6.馬車内にて
「じゃあおさらいしましょうか」
「「はい」」
スーラジス王国どの国境に向かう馬車の中。荷物も必要最低限ということなので、一台で行くことになり、ノアとブラウと向き合って乗っている。
せっかくの空いた時間なのでこれから行くスーラジス王国のことを勉強しながら進んでいる。
「今のスーラジス王国の国王陛下と王妃は仲が良く、三人の王子と二人の王女がいて、この王女は双子でそっくりと」
リューディアの言葉にノアとブラウも確認しつつ頷く。
「言っては何だけど、ハリーナ王国とはえらい違いね」
「本当に」
三人しかいない空間なので本音が言える。
ハリーナ王国の現在の国王陛下と王妃は仲が良いとは言えない。元々政略結婚なのもあるし、妾妃が何人もいる。

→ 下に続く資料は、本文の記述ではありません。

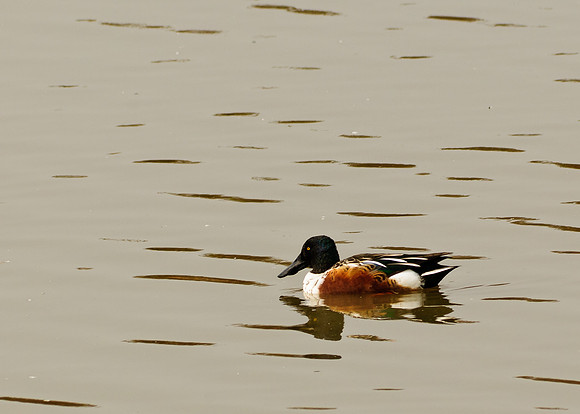 Northern Shoveler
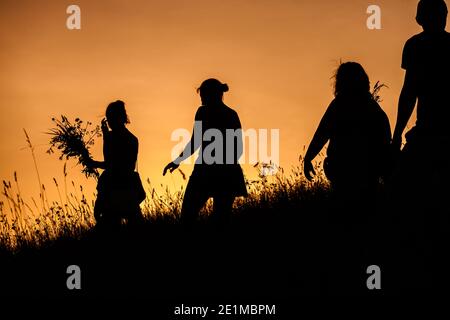 Silhouettes of People picking flowers during midsummer soltice Stock Photo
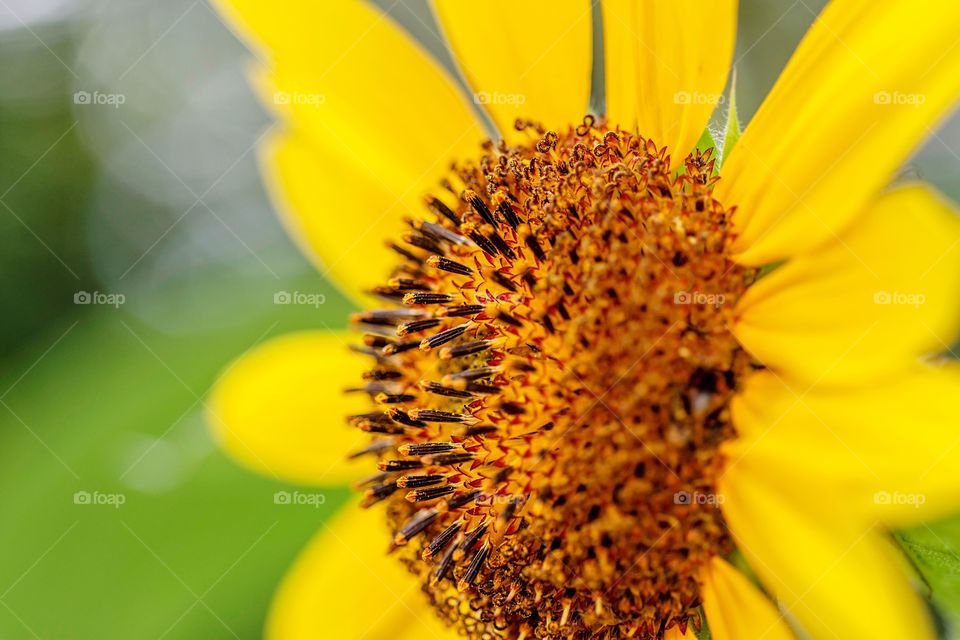 Sunflower macro side view
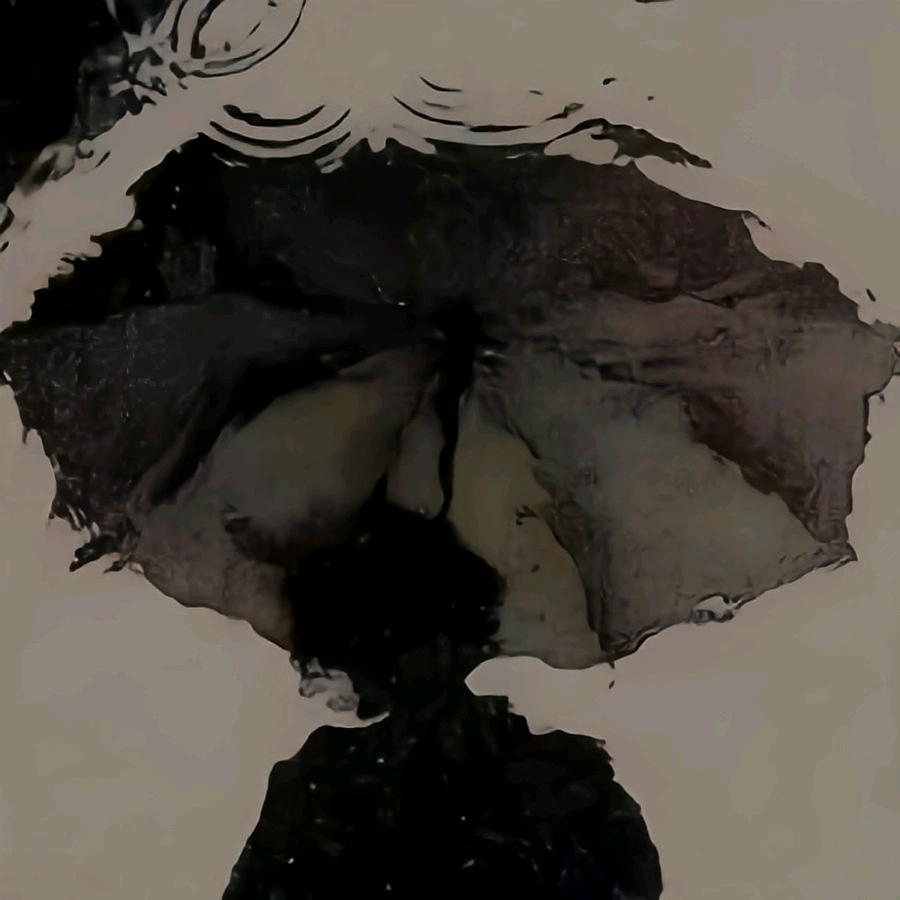梧桐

第一王子である王太子は王妃との子供だが、それ以外の王子は全て妾腹である。何人いるかもよくわからないが、私と婚約していた第二王子のナーヤス殿下も何番目かの妾妃との子である。
後ろ盾がないため、私との婚約を押し付けられたとも言う。まぁそれはそれで可哀想かもしれないが、あんな王子を押し付けられた私も可哀想だと思う……。破棄できて本当に良かった。

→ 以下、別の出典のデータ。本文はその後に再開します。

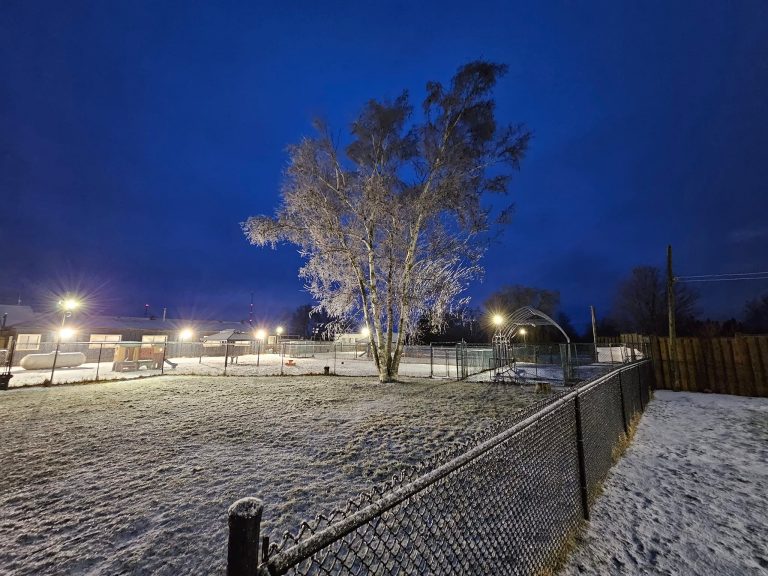 488865303 9405019289535653 2984714111681717547 n 768x576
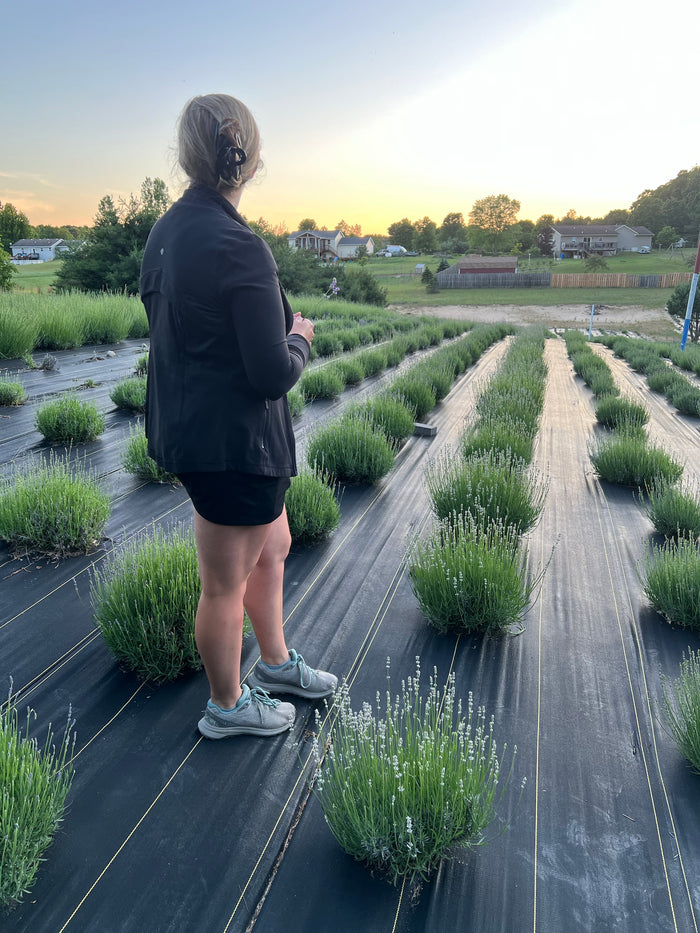 Woman standing at the top of the lavender rows looking out at sunset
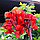 Канна Black Knight, фото 3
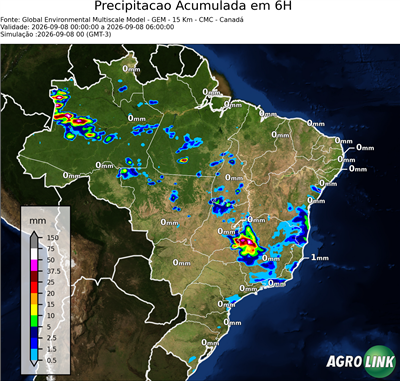6 horas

「話は戻して、兄弟仲も良く、第一王子である王太子を支えて第二王子が外交を、第三王子が軍を率いている、と。今から向かう国境には多分この第三王子がいるはず」
思い出しながら話す。
「こちら側は誰も来ていないけど本当にいいのかしらね」
今回捕虜交換で国境に向かっている隊列には王族はいない。私達と護衛だけだ。護衛も騎士ではなく、平民出身の兵士だけだ。
「向こう側からの指示らしいのでよろしいのではないですか?下手に気をつかうより楽ですし」
ノアの言葉にブラウも続ける。
「リューディア様のことは私達がお守りしますしね」
「頼りにしてるわ」
ニコッと微笑んで返すと二人ともおまかせください!と笑ってくれた。
『獣人』であるノアとブラウは訓練を受けているということもあるが、基本的に兵士や騎士並みに強い。武器などなくても体術だけで相手を倒せる。あくまで人相手の時だけではあるが。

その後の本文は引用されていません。